Set the environment variables for hadoop
nano /etc/bashrc export HADOOP_HOME=/usr/lib/hadoop export HADOOP_BIN=/usr/lib/hadoop/bin export HADOOP_CONF_DIR=/etc/hadoop/conf
save and exit
cd /etc/ld.so.conf.d/ nano Protobuf-x86.conf /usr/local/lib # add this value as the content of Protobuf-x86.conf
Save and exit
Download the rJava tarball from the below link.
The latest version of rJava available as of now is rJava_0.9-4.tar.gz
install rJava using the following command
R CMD INSTALL rJava_0.9-4.tar.gz
Rhipe can be downloaded from the following link
R CMD INSTALL Rhipe_0.73.1.tar.gz
This will install Rhipe
After this type R in the terminal
You will enter into R terminal
#This will display
| Please call rhinit() else RHIPE will not run |
#This will display
Rhipe: Detected CDH4 jar files, using RhipeCDH4.jar
Initializing Rhipe v0.73
SLF4J: Class path contains multiple SLF4J bindings.

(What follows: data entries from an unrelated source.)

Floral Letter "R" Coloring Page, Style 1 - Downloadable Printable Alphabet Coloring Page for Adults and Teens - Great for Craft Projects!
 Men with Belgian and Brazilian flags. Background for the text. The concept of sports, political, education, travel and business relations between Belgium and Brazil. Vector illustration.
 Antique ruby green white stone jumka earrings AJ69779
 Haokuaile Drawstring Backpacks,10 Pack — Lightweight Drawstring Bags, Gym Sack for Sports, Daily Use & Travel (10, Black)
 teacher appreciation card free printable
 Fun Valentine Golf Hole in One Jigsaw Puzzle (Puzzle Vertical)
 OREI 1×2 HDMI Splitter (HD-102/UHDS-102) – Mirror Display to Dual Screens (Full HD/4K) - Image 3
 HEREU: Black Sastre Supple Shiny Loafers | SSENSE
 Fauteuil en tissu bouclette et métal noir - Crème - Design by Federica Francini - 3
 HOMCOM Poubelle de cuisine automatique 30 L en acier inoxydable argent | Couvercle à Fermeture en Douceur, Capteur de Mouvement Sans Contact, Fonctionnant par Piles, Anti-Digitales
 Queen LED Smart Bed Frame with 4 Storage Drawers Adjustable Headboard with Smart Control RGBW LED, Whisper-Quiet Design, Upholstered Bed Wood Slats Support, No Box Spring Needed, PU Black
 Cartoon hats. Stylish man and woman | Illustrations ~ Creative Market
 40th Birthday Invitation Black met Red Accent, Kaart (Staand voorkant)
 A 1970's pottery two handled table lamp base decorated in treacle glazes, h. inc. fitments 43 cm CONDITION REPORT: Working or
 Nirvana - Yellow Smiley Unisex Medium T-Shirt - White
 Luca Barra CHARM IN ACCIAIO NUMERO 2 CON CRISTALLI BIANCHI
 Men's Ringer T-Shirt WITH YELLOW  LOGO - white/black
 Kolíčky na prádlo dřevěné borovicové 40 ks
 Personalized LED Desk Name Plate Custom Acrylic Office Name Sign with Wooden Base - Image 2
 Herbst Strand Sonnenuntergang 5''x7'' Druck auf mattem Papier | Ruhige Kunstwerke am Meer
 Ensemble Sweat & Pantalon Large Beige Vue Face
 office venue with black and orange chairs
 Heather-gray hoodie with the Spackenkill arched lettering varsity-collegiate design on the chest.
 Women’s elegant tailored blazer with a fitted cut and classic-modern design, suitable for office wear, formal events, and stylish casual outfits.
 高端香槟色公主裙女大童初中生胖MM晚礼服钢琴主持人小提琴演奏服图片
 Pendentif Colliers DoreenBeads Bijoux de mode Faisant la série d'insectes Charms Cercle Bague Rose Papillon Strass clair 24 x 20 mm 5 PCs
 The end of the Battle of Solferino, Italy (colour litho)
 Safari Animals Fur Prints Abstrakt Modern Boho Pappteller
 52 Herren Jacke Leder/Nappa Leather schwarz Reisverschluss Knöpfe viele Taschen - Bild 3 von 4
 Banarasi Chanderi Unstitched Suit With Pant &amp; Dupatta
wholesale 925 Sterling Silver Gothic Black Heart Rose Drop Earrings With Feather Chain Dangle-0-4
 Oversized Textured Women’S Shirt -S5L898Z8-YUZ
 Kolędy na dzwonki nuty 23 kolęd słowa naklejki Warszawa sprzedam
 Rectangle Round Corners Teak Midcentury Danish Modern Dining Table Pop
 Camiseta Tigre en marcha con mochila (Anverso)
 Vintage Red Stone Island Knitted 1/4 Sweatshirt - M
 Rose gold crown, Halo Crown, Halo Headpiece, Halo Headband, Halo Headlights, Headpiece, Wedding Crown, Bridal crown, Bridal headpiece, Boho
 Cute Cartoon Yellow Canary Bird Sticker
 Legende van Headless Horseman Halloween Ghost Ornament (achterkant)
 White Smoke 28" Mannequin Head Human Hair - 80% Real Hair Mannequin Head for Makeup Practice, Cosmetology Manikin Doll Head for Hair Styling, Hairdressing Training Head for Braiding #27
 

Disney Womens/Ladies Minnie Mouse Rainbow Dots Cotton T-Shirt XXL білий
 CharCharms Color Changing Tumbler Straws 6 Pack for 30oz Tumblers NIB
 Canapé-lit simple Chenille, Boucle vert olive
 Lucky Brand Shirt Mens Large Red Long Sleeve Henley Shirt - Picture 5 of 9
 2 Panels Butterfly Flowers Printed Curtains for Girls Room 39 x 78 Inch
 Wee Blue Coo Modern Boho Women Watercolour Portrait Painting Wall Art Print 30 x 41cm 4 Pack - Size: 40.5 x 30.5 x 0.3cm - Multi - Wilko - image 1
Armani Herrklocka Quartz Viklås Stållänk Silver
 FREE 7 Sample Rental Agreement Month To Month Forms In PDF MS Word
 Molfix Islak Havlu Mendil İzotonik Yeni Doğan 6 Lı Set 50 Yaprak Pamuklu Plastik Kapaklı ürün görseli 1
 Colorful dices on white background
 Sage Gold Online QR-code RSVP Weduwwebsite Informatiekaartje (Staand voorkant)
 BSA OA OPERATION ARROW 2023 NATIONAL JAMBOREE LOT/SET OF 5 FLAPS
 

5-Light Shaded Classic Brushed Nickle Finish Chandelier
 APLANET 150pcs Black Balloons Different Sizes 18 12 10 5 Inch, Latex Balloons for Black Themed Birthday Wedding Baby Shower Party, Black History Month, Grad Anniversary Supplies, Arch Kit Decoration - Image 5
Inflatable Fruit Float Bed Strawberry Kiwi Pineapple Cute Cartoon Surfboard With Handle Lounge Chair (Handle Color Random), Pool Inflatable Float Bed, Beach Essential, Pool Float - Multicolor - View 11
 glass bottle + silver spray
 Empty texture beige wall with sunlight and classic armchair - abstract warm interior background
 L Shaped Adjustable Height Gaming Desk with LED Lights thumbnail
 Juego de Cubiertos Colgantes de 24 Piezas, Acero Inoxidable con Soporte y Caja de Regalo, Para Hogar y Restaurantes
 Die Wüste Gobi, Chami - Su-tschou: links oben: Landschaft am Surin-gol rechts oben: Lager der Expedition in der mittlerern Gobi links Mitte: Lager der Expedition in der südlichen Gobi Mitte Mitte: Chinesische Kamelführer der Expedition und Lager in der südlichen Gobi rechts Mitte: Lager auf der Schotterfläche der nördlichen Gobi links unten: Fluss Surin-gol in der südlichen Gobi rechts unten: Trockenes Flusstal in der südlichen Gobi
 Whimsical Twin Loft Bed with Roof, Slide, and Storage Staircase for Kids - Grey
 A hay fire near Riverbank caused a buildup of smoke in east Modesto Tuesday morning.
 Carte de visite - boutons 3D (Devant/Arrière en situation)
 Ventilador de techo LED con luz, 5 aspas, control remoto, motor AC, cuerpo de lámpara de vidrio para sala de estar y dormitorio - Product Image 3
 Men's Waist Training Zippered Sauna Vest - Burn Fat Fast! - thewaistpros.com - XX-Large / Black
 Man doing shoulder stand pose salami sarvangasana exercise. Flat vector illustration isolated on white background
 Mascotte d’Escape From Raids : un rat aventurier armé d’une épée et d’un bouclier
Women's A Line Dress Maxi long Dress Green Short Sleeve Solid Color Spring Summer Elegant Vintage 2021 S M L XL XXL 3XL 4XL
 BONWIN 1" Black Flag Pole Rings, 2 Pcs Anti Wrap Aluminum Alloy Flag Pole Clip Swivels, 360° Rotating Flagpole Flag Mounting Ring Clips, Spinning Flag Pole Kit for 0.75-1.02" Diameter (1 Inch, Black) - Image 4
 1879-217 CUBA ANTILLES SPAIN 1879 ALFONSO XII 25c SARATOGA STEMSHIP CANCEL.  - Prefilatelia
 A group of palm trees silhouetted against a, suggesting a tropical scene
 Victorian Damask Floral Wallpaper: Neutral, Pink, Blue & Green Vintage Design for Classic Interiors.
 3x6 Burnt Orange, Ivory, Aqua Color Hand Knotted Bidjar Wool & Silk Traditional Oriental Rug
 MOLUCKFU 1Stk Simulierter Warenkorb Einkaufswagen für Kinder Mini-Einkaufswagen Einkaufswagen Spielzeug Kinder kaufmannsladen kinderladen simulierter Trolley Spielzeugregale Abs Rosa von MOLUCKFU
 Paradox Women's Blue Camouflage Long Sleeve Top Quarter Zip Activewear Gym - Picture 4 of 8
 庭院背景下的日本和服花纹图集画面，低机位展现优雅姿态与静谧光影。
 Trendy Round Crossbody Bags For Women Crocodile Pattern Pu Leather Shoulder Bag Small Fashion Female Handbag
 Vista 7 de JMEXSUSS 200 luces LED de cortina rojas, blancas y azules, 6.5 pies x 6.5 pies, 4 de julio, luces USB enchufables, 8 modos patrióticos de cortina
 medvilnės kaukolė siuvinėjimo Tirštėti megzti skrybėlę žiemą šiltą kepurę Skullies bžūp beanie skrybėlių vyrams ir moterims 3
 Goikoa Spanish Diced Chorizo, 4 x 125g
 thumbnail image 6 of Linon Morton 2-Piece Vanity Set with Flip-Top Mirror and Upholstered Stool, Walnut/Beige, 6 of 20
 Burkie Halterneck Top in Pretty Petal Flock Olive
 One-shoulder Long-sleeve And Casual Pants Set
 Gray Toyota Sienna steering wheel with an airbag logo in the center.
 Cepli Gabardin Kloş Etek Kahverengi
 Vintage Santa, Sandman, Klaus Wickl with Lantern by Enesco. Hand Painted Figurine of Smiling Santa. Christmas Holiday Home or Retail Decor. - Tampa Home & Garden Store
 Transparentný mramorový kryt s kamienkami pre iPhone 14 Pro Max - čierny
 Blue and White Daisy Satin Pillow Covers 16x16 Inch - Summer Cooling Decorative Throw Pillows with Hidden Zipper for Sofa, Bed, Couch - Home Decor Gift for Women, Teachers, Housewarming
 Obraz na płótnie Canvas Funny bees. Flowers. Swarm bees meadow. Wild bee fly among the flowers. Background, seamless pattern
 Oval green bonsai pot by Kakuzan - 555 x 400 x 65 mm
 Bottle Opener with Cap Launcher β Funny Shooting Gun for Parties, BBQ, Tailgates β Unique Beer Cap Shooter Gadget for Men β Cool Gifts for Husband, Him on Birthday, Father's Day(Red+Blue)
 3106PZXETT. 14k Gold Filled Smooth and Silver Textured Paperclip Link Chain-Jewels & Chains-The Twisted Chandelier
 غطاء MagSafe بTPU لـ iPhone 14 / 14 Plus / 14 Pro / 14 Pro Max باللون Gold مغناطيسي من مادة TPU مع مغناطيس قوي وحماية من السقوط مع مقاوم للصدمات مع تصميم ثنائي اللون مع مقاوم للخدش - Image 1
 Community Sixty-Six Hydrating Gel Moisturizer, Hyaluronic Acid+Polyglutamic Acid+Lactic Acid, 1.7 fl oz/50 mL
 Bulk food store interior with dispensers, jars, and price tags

SLF4J: Found binding in [jar:file:/usr/lib/hadoop/client-0.20/slf4j-log4j12-1.6.1.jar!/org/slf4j/impl/StaticLoggerBinder.class]
SLF4J: Found binding in [jar:file:/usr/lib/hadoop/client/slf4j-log4j12-1.6.1.jar!/org/slf4j/impl/StaticLoggerBinder.class]
SLF4J: Found binding in [jar:file:/usr/lib/hadoop/lib/slf4j-log4j12-1.6.1.jar!/org/slf4j/impl/StaticLoggerBinder.class]
SLF4J: See http://www.slf4j.org/codes.html#multiple_bindings for an explanation.
Initializing mapfile caches
Now you can execute you Rhipe scripts.